Without any pictures, print exactly the lines that run from the start of the data through the line containing "Leighton Brown Mineral Wash Dress - Image 8".

SOURCE DATA ▸

________________________

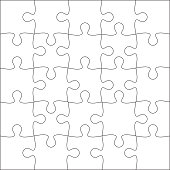 Jigsaw puzzle blank template or cutting guidelines of 25 pieces. Plain white jigsaw puzzle, on white background. Vector  illustration.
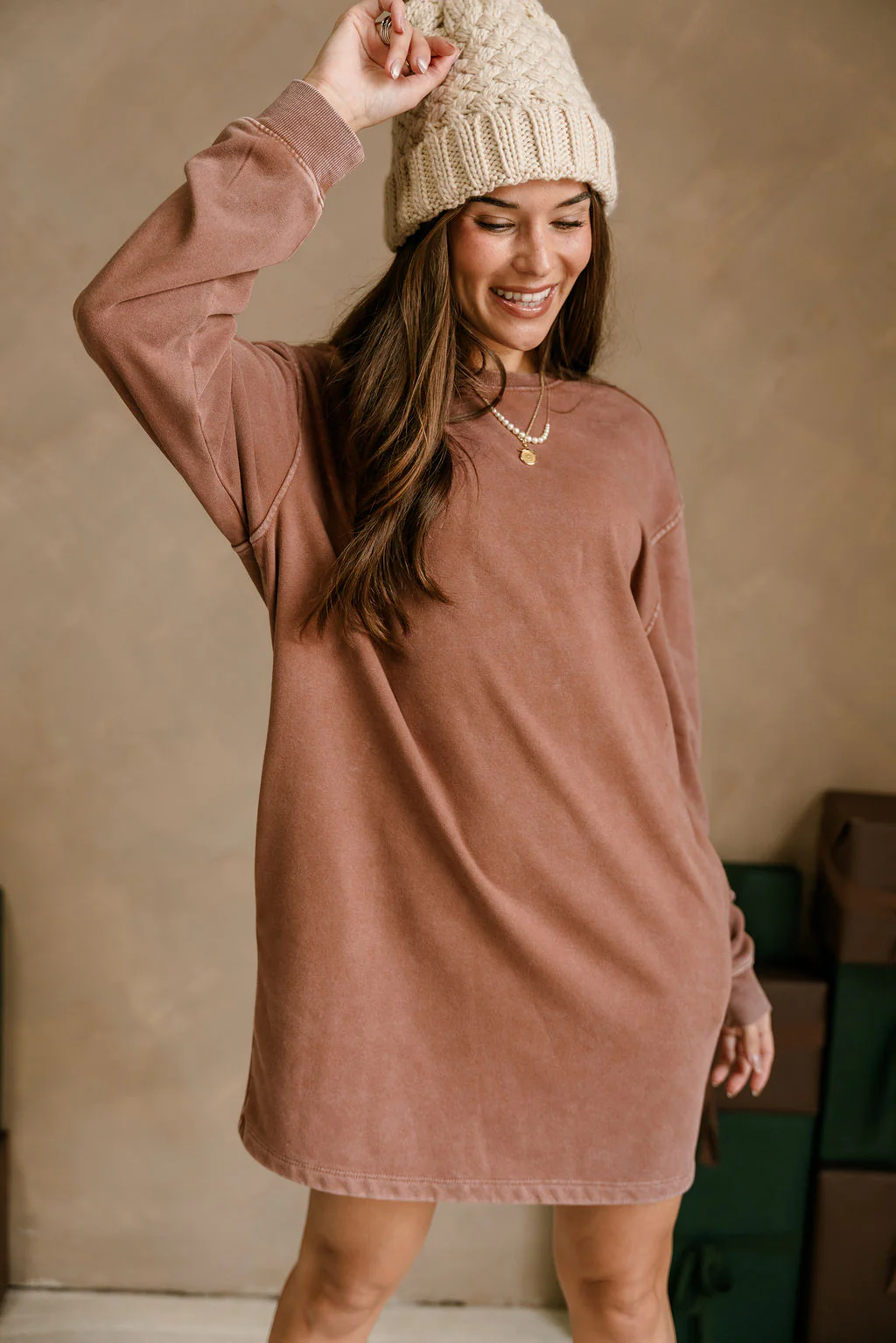 Leighton Brown Mineral Wash Dress - Image 8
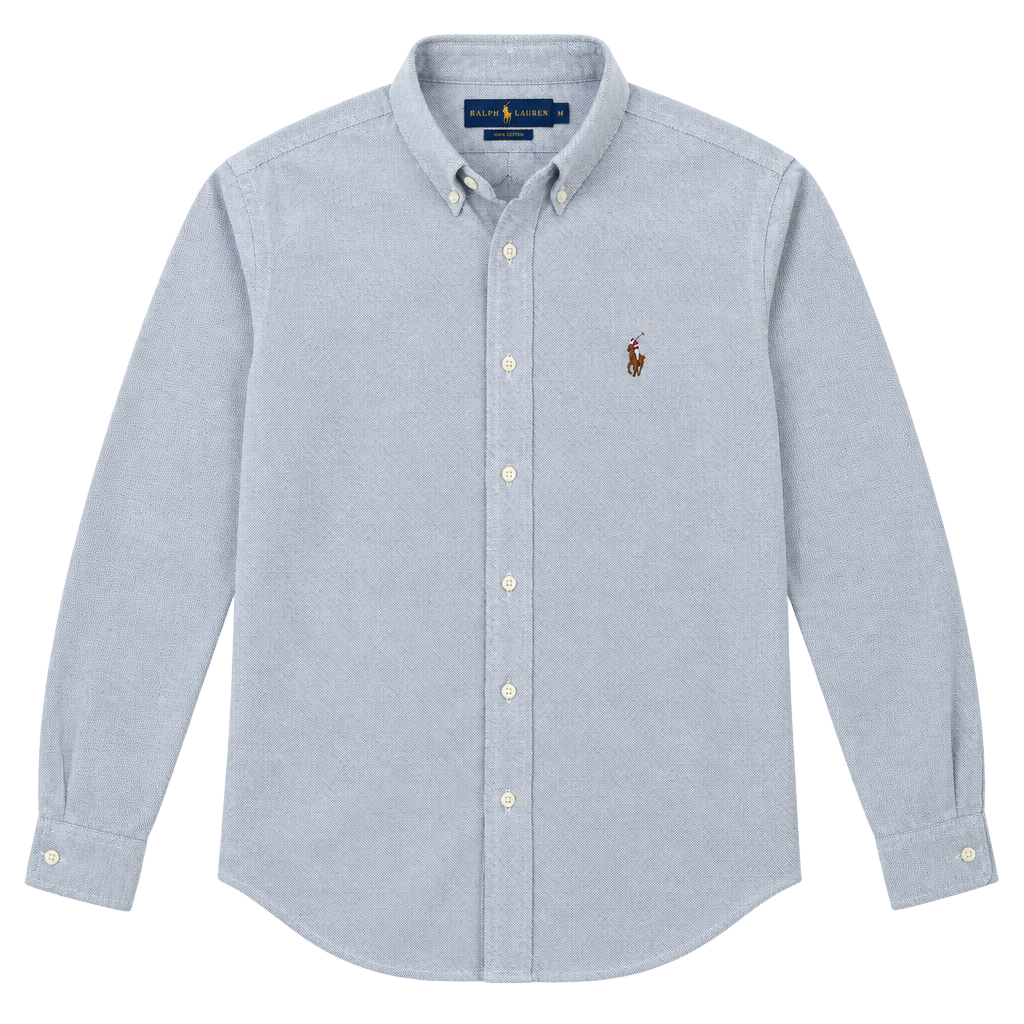 Ralph Lauren, Knit Oxford Button Down, Business Casual, Heathered Gray, M 1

________________________

ANSWER SPACE ▸
 Jigsaw puzzle blank template or cutting guidelines of 25 pieces. Plain white jigsaw puzzle, on white background. Vector  illustration.
 Leighton Brown Mineral Wash Dress - Image 8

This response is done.